## PROBLEM TO SOLVE
Nothing below is to be printed except the lines between the line holding "Diamonique x Lisa" and the line holding "Levi's<sup>®</sup> Honey Rib", inclusive, each exactly as it appears.

## INPUT DATA
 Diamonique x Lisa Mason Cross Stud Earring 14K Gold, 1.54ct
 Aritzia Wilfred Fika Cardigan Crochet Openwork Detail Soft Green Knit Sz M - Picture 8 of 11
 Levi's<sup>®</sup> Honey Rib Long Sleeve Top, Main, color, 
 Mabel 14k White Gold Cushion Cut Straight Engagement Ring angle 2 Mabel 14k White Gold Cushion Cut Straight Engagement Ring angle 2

--

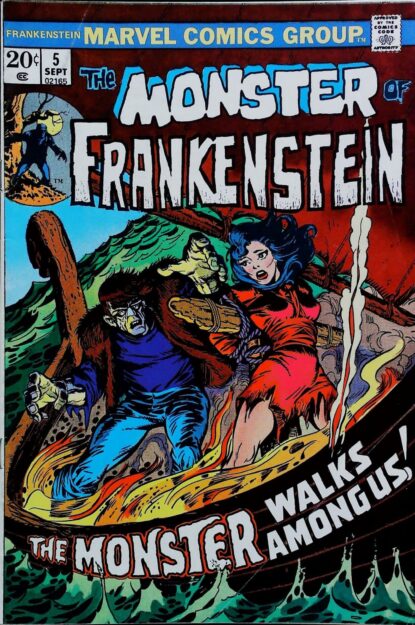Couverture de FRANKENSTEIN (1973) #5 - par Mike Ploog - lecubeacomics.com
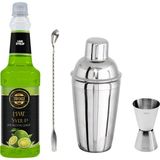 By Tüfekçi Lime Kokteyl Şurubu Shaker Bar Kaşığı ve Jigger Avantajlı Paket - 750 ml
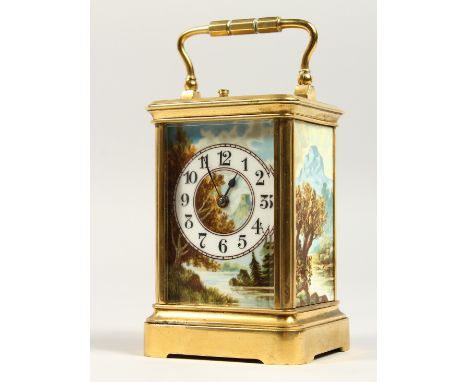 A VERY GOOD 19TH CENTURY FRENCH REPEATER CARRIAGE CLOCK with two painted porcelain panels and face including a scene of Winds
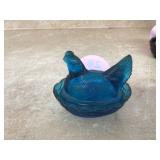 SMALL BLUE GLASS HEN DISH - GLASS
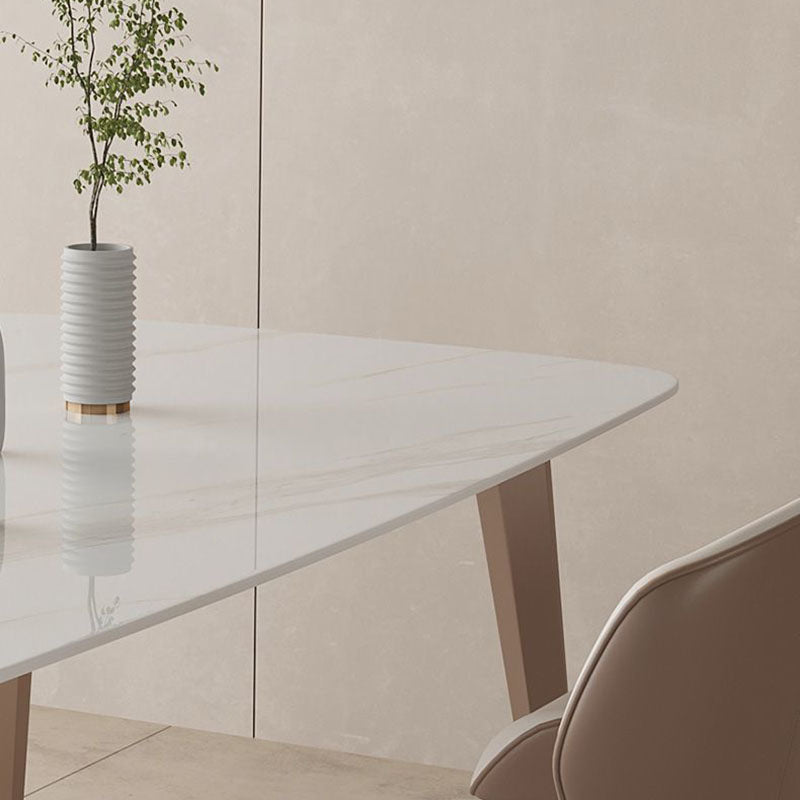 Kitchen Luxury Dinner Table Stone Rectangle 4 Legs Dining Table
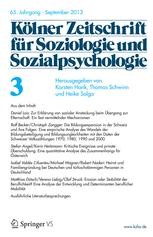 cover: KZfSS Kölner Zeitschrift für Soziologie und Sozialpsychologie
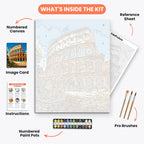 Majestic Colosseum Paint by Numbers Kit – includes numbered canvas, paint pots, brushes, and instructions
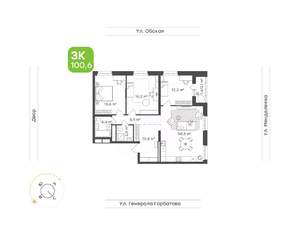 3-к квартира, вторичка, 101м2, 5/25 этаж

## RESULT OF THE TASK
 Diamonique x Lisa Mason Cross Stud Earring 14K Gold, 1.54ct
 Aritzia Wilfred Fika Cardigan Crochet Openwork Detail Soft Green Knit Sz M - Picture 8 of 11
 Levi's<sup>®</sup> Honey Rib Long Sleeve Top, Main, color, 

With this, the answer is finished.